Many post-cardiac surgery patients are being managed without a PA catheter or under “fast-track” protocols for early removal of PA catheters [1], however, CVP is typically able to be measured in these patients by way of a central venous catheter with its tip in the superior vena cava. The results of the present study indicate that CVP may be a useful predictor of patient outcome and the post-surgical patient with elevated CVP may warrant further workup to investigate the etiology (renal failure, pericardial tamponade, right heart failure, etc). Just as reduced cardiac index or alterations in systemic blood pressure may warrant notification by critical care nursing or advanced practice providers, CVP thresholds or trends may be incorporated in basic ICU protocols for notifying supervising physicians of the post-surgical patient who otherwise may be progressing as expected or according to a post-procedural “care map”.

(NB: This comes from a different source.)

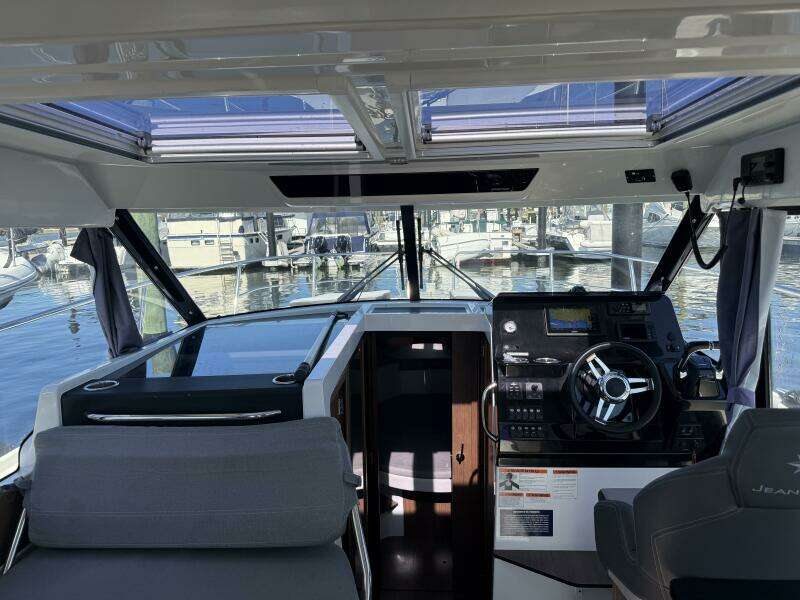 34ft Jeanneau Yacht For Sale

The results of this study also suggest utility in the measurement of CVP in the post-CABG setting. Measurement of CVP at 6 hours postoperatively was chosen for this study because it allowed for a period of stabilization in the intensive care unit but was not so far out from surgery that central venous catheters were likely to have already been removed. We found that CVP at 6 hours correlated most strongly with outcome as opposed to CVP measured immediately upon postoperative ICU arrival, or the value of the difference between these values. Contemporaneous registry data has identified CVP as a strong independent predictor of outcomes among a diverse group of adult patients with cardiovascular disease [10], medically-managed heart failure patients with renal dysfunction [11], and patients with cirrhosis undergoing heart surgery [12]. Both the Mullens et al study of heart failure patients [11] and the Lopez-Delgado et al study of cirrhotic heart surgery patients [12] assessed CVP in the acute inpatient setting, although the patient populations were unique and sample sizes substantially smaller as compared to the present study.

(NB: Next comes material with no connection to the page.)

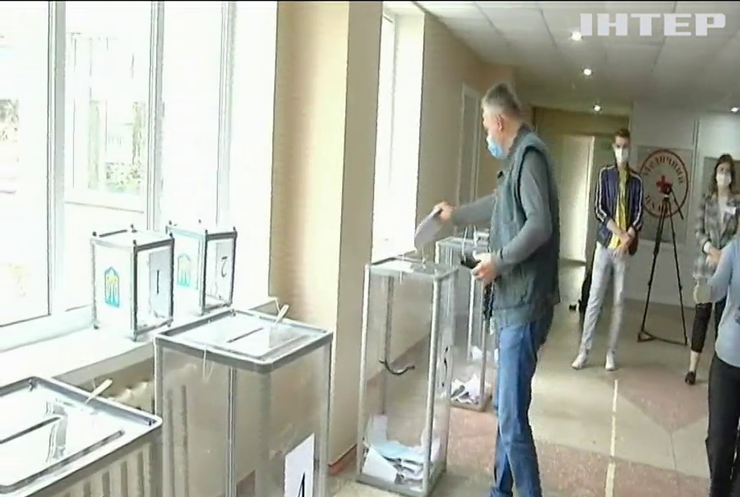 Вибори в Україні: поліція відкрила 11 кримінальних впроваджень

The present study supports specifically the usefulness of CVP measurement during the early postoperative ICU recovery period among a multi-institutional cohort of CABG patients. Given the ease of measurement and ubiquitous nature of central venous catheters following CABG surgery, the present data support the routine assessment of CVP in this patient population. While considerable attention is given to cardiac index, CVP may provide additional information regarding right ventricular function. The present study supports clinical attention to high CVP values and consideration of overly aggressive volume resuscitation, pericardial tamponade, valvular regurgitation, right ventricular dysfunction, and other potential etiologies. Although the usefulness of further diagnostic studies or interventions based on CVP values remains to be validated in future studies, it remains our practice to measure and consider CVP values in decision-making for patients following CABG surgery.

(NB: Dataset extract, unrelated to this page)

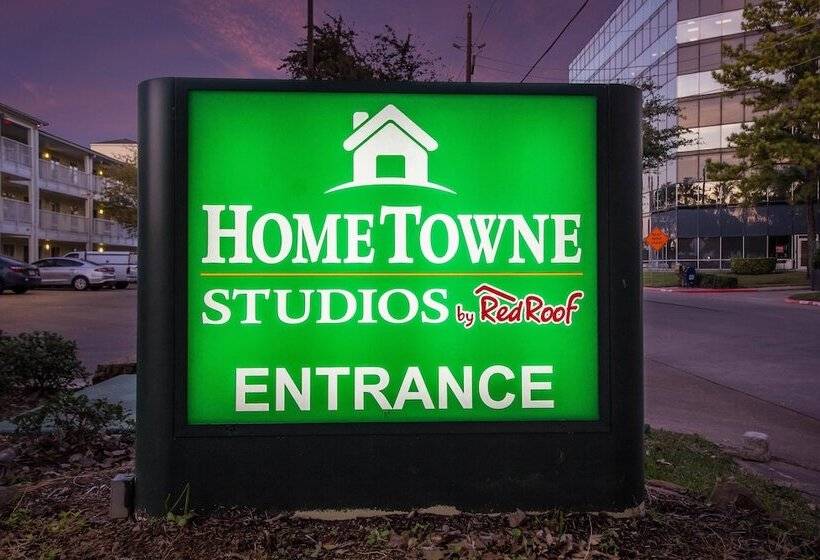 فندق Hometowne Studios By Red Roof Houston   Northwest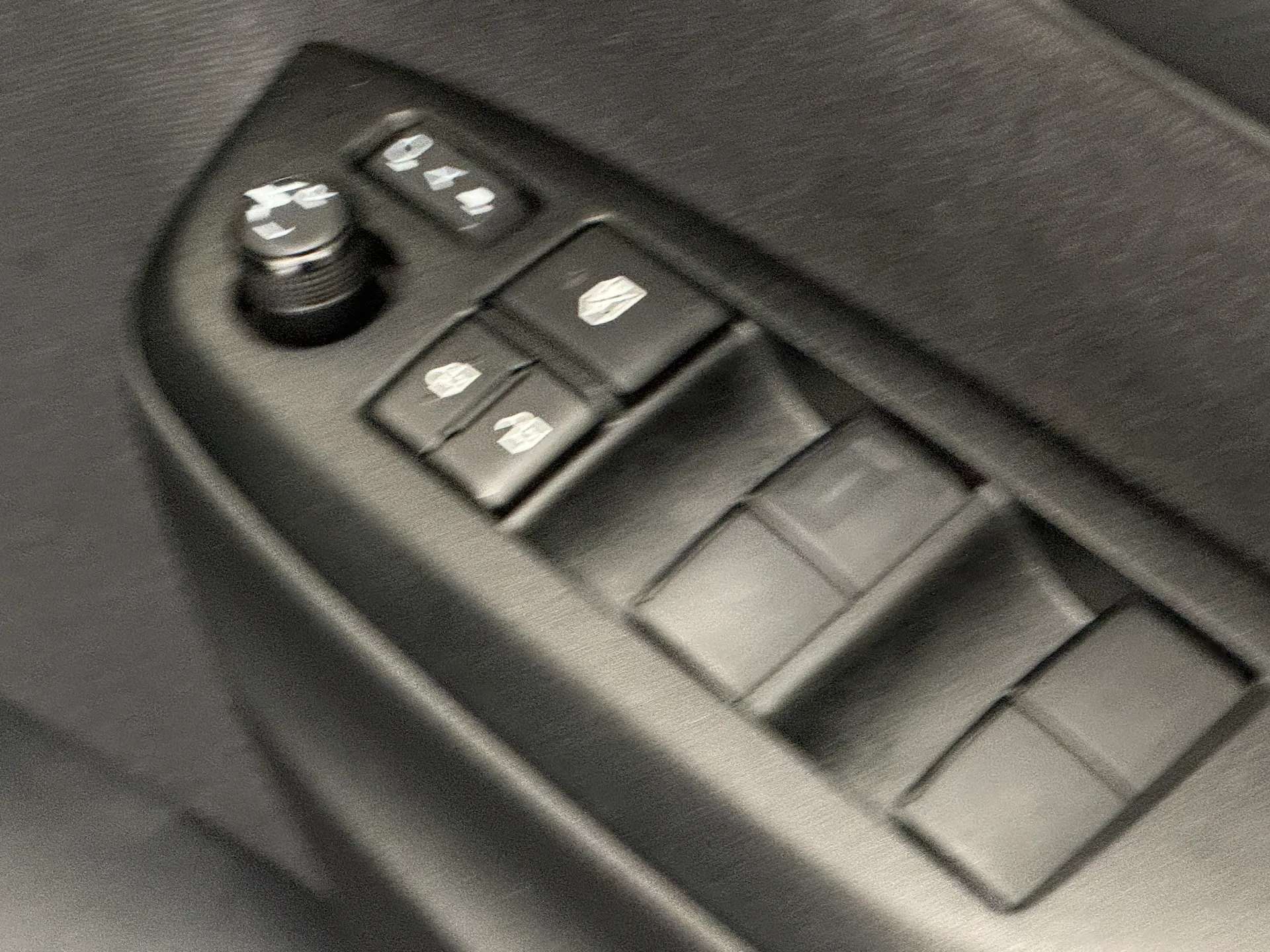 2023 MAZDA 2 HYBRID 2023 MAZDA 2 HYBRID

The findings of this study should be viewed in the setting of several important limitations. This study evaluated associations between measured clinical variables and outcomes and the results herein may have been influenced by unmeasured variables. CVP measurements were not blind to clinicians. Therefore, response by clinicians to CVP values as part of patient care may have resulted in an underestimation of the association between CVP and outcome. While the present study is a large multi-institutional sampling of perioperative care in high-risk CABG patients, exact outcomes in any individual center may vary from our results. CVP values are affected by many conditions, including right ventricular dysfunction, tricuspid valve disease, cardiac tamponade, perioperative fluid administration, pericarditis, and renal failure. Etiology of elevated CVP was not able to be determined.

Conclusions

In this observational cohort, central venous pressure following CABG surgery was predictive of early mortality and renal failure, independent of cardiac index and other important clinical variables. Our study highlights the importance of using CVP routinely at 6 hours after ICU arrival, a simple and easily performed tool, to assess risk of early death and renal failure in patients undergoing CABG-surgery. Whether or not CVP can be used to guide therapy in this setting deserves further investigation.